Entre los testimonios, una señora latinoamericana con exquisita educación nos recuerda que nuestro presunto Primer Mundo no queda tan lejos del tercero, a la vista de lo sucedido. Cura de humildad para el españolito medio que vivía en un país rico donde estas cosas no pasaban. Al final, la vulnerabilidad de nuestros servicios públicos depende de factores humanos. Y en ese terreno comenzamos a igualarnos. No importa el origen, la raza o la cultura. Al final se trata de personas. Son ellas las que han de manejar en última instancia sistemas tan complejos como los que hacen posible el vuelo de los aviones o los que regulan su tráfico, creados para hacernos la vida más fácil, cómoda y avanzada.
La mayoría coincide en lo injustificado de las reivindicaciones que laten en el fondo del asunto. No perderé el tiempo en ello, los periódicos han ilustrado ampliamente y cada uno tendrá su opinión. Pero el menor atisbo de razón queda rotundamente desacreditado en el fondo por tan impresentable manera en la forma. La dignidad y el código ético inherente a todo profesional resulta especialmente exigible a quienes desempeñan servicios públicos tan esenciales para la comunidad. Actuar por sorpresa contra los ciudadanos, por muy contrariados que les dejara el ya famoso decreto regulador del viernes de autos, es de una vileza incalificable.
La chapuza o el profesionalismo, el capricho o el rigor, la frivolidad o la seriedad en el desempeño de sus funciones a la sociedad, convierten a un país en orgulloso o avergonzado de sus servidores públicos, y con ello de su imagen y autoestima. Algo de lo que, francamente, no vamos sobrados. Será que "a perro flaco todo son pulgas". El remedio temporal, la contundente militarización y el estado de alarma, -figura Constitucional inédita-, resuelven de momento el problema pero dejan el terreno embarrado para la negociación imprescindible. Por ahora, unos servidores públicos hacen cumplir a otros con su obligación, un plato nada agradable, como tantos otros, para nuestros sufridos militares.
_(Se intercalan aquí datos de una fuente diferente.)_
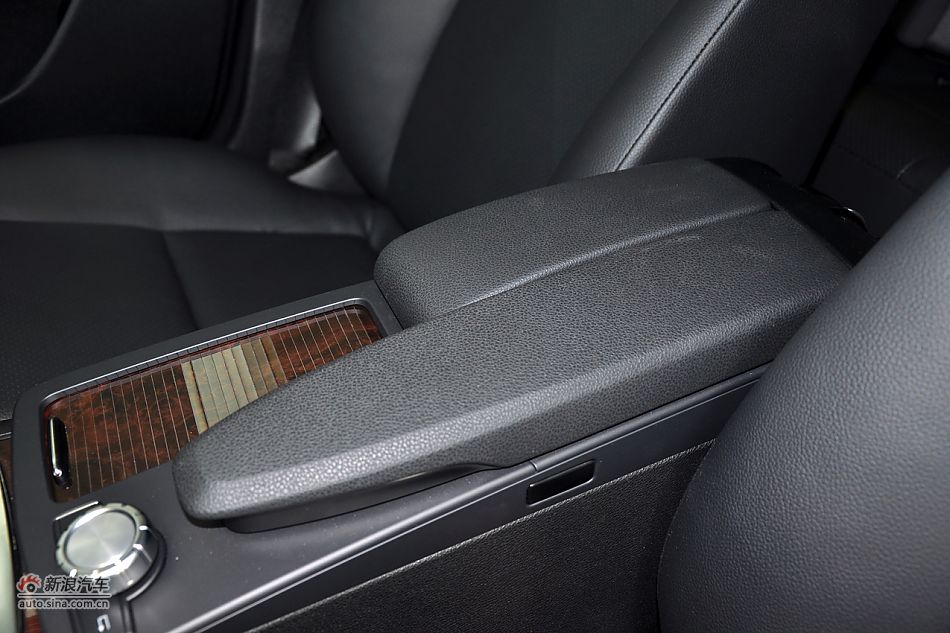 2011款奔驰C级实拍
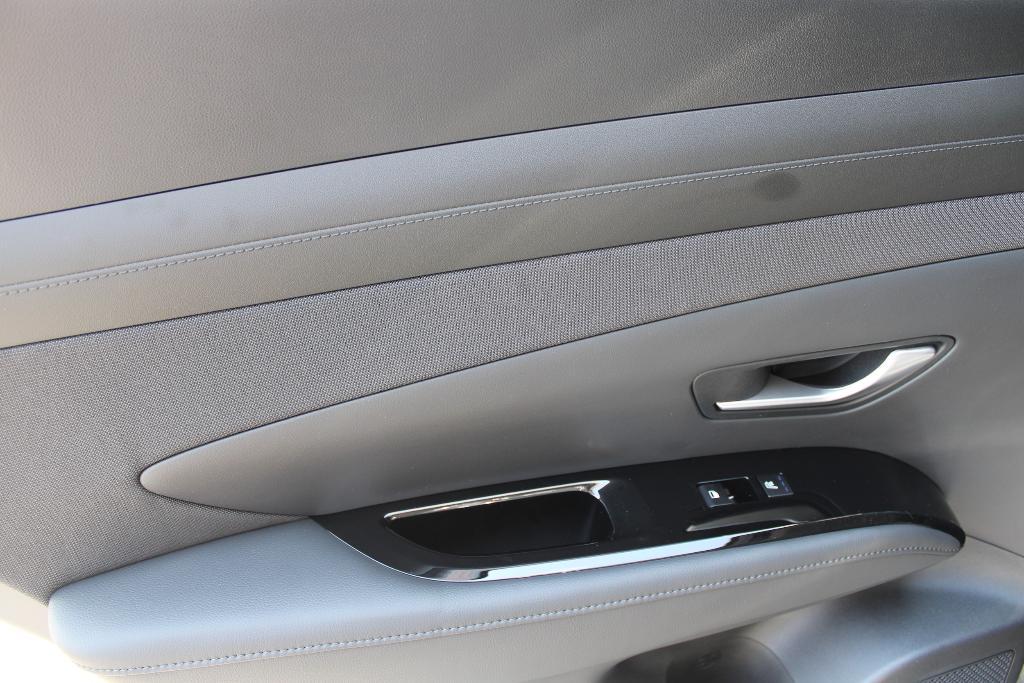 new 2025 Hyundai Tucson car, priced at $38,389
Pero para el futuro se abre una incógnita de consecuencias imprevisibles.
Este lamentable episodio merece plantear el dilema público-privado en la gestión aeroportuaria y de la navegación aérea. Sin fundamentalismos ideológicos trasnochados, es evidente que someterse a una cuenta de resultados pone las pilas al más pintado y orienta hacia la eficacia y productividad. Y si no, que se lo pregunten a tantos esforzados directivos de empresas privadas, sometidos al estado de alarma que supone incumplir compromisos con clientes, accionistas e inversores. Y además, no se juegan el puesto cada cuatro años, como otros, sino cada día.